# WORK ORDER
The task for the listing below is to write out exactly the lines starting at the one containing "Please contact us" and ending at the one containing "We're at hack", both included. Pictures are to be omitted.
═════ PROVIDED ENTRIES
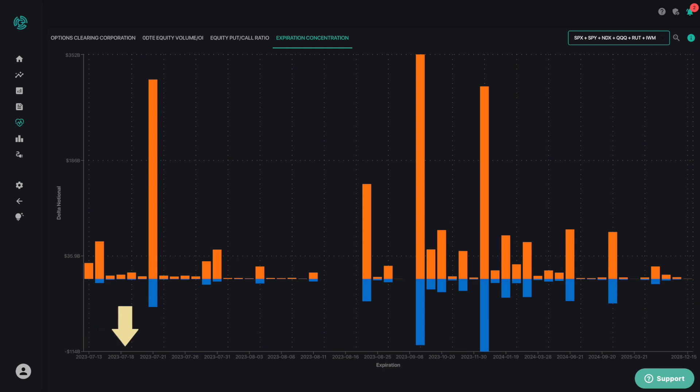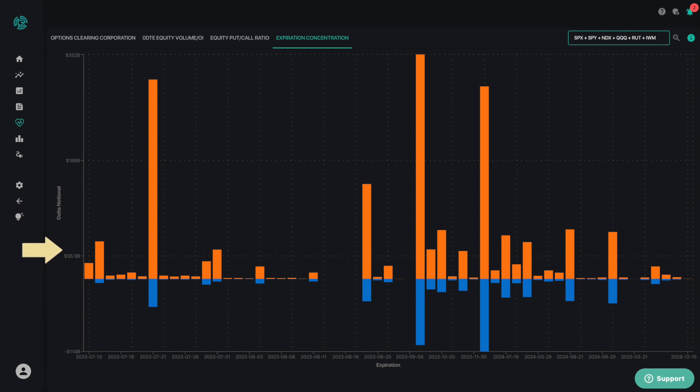The x-axis reflects every expiration over the next two years, while the y-axis reflects the assumed delta notional hedging level tied to each of those expirations.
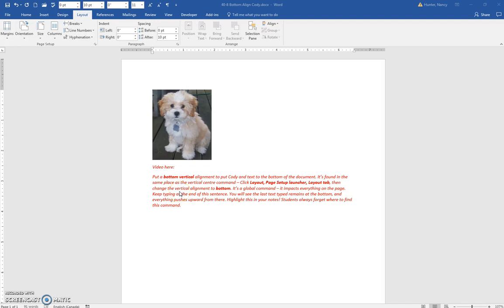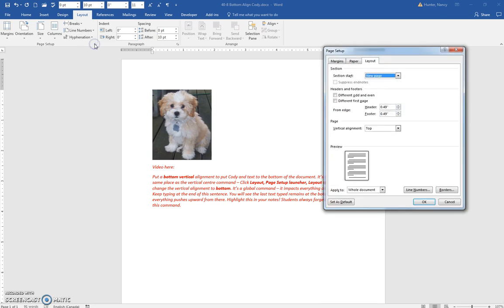You can also use a vertical alignment of bottom by clicking the Layout tab and the Page Setup Launcher, and on the Layout tab here, clicking Bottom.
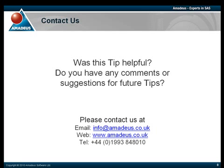Please contact us either via email at info@amadeus.co.uk or through our website at www.amadeus.co.uk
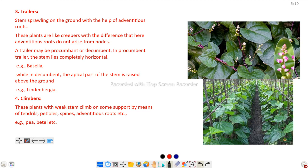Here we finish with diversity on the basis of stem. If you have any query, please comment in the comment box. Thank you.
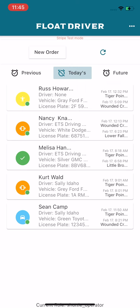At this stage, the order is assigned yet unconfirmed. The driver will see that they've been assigned the order in their order pool.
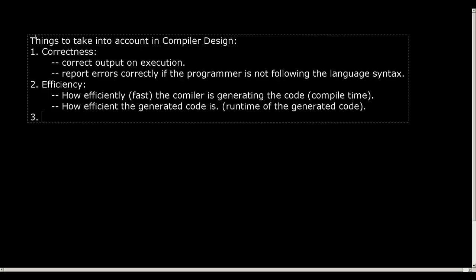The third thing for any software is the debuggability or usability. That means as an end user, we the programmers are the end user for using a compiler. So the compiler should guide us or guide the programmer how to write correct programs or correct high-level languages. So if we are making any mistake, the compiler should generate proper error messages.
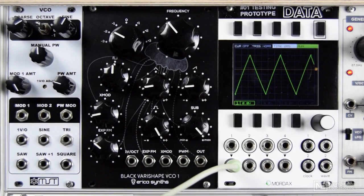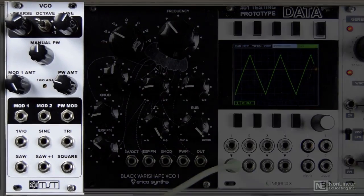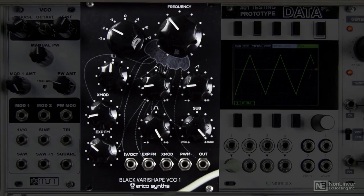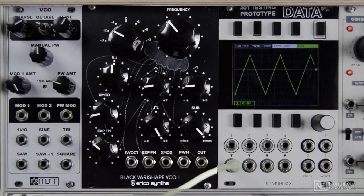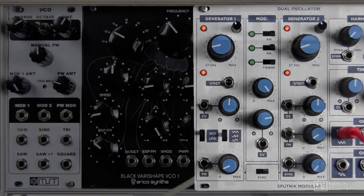In this tutorial we're going to look at the core features of analog oscillators. Eurorack companies make all kinds of oscillators, so rather than running down every possibility I'll show you what inputs, outputs and core functions you'd expect to see. The first module we'll look at is an analog oscillator, often the core of many patches. We've got three different oscillators here: the MST VCO from Synthrotech, the VariShape VCO from Erica Synths, and the Sputnik Modular dual oscillator which we'll look at after the first two.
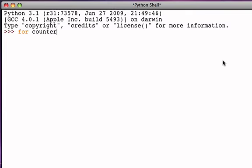So for counter, and that's followed by the word in, and then that's followed by a sequence object. Now we've already talked about one way to create sequence objects, and that is to use the range function.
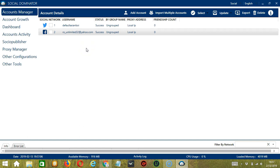Hello viewers! This is your tutorial on how to automate post comments on Facebook using Socinator. Commenting on other people's posts on Facebook is a great way to interact with them.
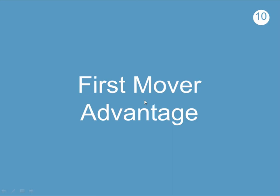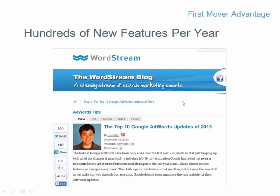We're at hack number ten: first mover advantage. In the last year, Google released nearly 1,000 changes to their platform in terms of new features and functions. There is a huge advantage in being one of the first few people to use new features, because there's no competition yet and bids are very low. Someone on your team or a partner company should have their ear to the ground, monitoring new developments 24/7 and jumping on new features as soon as they launch.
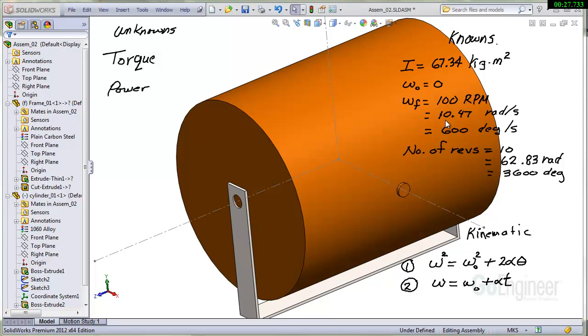I've converted that to 10.5 radians per second and also 600 degrees per second. The number of revolutions to get this up to speed is 10. So that's 62.8 radians and 3600 degrees.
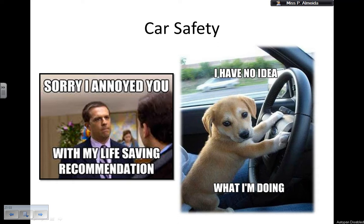Hello everyone! Today I'm going to be doing a lesson on car safety. This is still on the playlist of Newton's Laws of Motion, and this is actually the last lesson of that playlist. So if you go on that playlist, it's going to have about five lessons on different stuff related to Newton's Laws of Motion.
══════════
# EXPECTED ANSWER
Please contact us either via email at info@amadeus.co.uk or through our website at www.amadeus.co.uk
Here we finish with diversity on the basis of stem. If you have any query, please comment in the comment box. Thank you.
At this stage, the order is assigned yet unconfirmed. The driver will see that they've been assigned the order in their order pool.
The third thing for any software is the debuggability or usability. That means as an end user, we the programmers are the end user for using a compiler. So the compiler should guide us or guide the programmer how to write correct programs or correct high-level languages. So if we are making any mistake, the compiler should generate proper error messages.
In this tutorial we're going to look at the core features of analog oscillators. Eurorack companies make all kinds of oscillators, so rather than running down every possibility I'll show you what inputs, outputs and core functions you'd expect to see. The first module we'll look at is an analog oscillator, often the core of many patches. We've got three different oscillators here: the MST VCO from Synthrotech, the VariShape VCO from Erica Synths, and the Sputnik Modular dual oscillator which we'll look at after the first two.
So for counter, and that's followed by the word in, and then that's followed by a sequence object. Now we've already talked about one way to create sequence objects, and that is to use the range function.
Hello viewers! This is your tutorial on how to automate post comments on Facebook using Socinator. Commenting on other people's posts on Facebook is a great way to interact with them.
We're at hack number ten: first mover advantage. In the last year, Google released nearly 1,000 changes to their platform in terms of new features and functions. There is a huge advantage in being one of the first few people to use new features, because there's no competition yet and bids are very low. Someone on your team or a partner company should have their ear to the ground, monitoring new developments 24/7 and jumping on new features as soon as they launch.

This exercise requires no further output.